Assim, Hamilton – sem dúvida uma figura-chave da arte moderna – fez jus ao título de "pai da pop-art", sem jamais se haver identificado pessoalmente com este estilo. Comparada com as do movimento artístico norte-americano dos anos 60, sua obra é mais sutil e multifacetada. Como na pop-art clássica, Hamilton toma emprestadas imagens do dia-a-dia, para através delas refletir fenômenos sociais. Além – e apesar – disso, ele não perde de vista a questão: onde está a fronteira que separa produto e obra de arte?

Mestre das referências

Após estudar com entusiasmo o design dos artigos da empresa alemã Braun nas décadas de 60 e 70, Hamilton resolveu projetar seu próprio produto, baseado nas formas típicas daquela marca de eletrodomésticos: uma prótese dentária, fixada na ponta de uma escova de dentes elétrica, vibra freneticamente quando se aperta um botão. O crítico ri é o nome desta peça, a que o artista acrescentou mais um toque humorístico, ao assiná-la caligraficamente, imitando o logotipo da Braun.

Tão numerosos quanto as referências, são nas obras de Hamilton os materiais empregados pelo artista de 81 anos, nas suas já cinco décadas de carreira criativa. Polivalente, ele pinta, desenha e fotografa, produz colagens, instalações e designs. O Museu Ludwig – que possui o maior acervo hamiltoniano, em todo o mundo – apresenta cerca de 180 peças, representando cada um dos complexos temáticos abordados por ele.

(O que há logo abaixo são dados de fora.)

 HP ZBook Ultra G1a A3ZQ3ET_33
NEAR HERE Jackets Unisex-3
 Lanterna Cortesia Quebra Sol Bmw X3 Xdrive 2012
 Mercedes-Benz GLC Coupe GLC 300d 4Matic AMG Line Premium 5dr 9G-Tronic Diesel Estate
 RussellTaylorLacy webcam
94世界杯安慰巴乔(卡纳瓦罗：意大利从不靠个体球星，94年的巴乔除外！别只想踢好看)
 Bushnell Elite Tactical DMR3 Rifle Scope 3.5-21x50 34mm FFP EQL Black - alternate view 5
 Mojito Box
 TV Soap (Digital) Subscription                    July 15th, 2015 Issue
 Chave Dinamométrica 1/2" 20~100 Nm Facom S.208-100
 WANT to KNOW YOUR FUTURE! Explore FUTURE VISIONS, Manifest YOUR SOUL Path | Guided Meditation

Da mesma forma que evita se identificar com uma determinada técnica, Richard Hamilton escapa de qualquer categorização estilística unívoca. "Estilo nunca me interessou muito. Sempre achei que meus quadros são livres de estilo, assim como de gosto. O que não é inteiramente verdadeiro, pois agora reconheço que, no decorrer do tempo, uma certa personalidade se tornou visível", declarou em entrevista à televisão alemã.

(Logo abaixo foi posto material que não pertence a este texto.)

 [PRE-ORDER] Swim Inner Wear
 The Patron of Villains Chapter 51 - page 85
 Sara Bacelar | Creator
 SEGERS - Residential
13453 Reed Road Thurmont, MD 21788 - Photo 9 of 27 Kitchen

Patologista do mundo da mídia

"O que a mídia faz conosco?", perguntava-se Richard Hamilton já nas décadas de 40 e 50, logo após a Segunda Guerra. "De que se compõe nosso mundo, que processos o estruturam, como o percebemos e compreendemos?"

Com a precisão de um patologista, ele disseca nosso presente, recompondo-o de forma inesperada, mas sem deixar de acrescentar-lhe pinceladas desmascaradoras, irônicas. Seu Tríptico norte-irlandês, por exemplo, evoca claramente as representações na mídia do conflito religioso-político que já dura décadas. Os partidos envolvidos são comprimidos em três representantes dos católicos, protestantes e do poder estatal, e revelados como "tristes atores numa peça teatral com final fatal".

Perceber e pensar

See, hear, smell, touchFoto: Richard Hamilton/VG Bild-Kunst

Uma foto mal impressa, em preto-e-branco, mostra o retrato de um homem, com setas coladas apontando para seus órgãos sensoriais: "cheire!, ouça!, olhe!, sinta!". A testa fortemente reticulada apresenta as palavras "pense. pense. pense", enquanto da boca sai um balão de diálogo cheio de meros pontos de interrogação. É preciso atenção e discernimento para escapar do mundo de imagens contemporâneo. Perceber e pensar, é isso o mais importante para Hamilton.

A exposição Introspectiva oferece uma impressionante panorâmica de sua abundante criação. Aliada à capacidade de penetrar no universo do pop, a arrebatadora, porém tão contemporânea estética do artista inglês comunica a possibilidade de tomar distância crítica frente a nossa avalanche imagística de cada dia.

Em tempos de hiperexcitação ininterrupta dos sentidos e da cultura do espetáculo do início do século 21, a obra de Richard Hamilton é extremamente atual e, sem sombra de dúvida, uma contribuição central à discussão dos fenômenos de nossa época.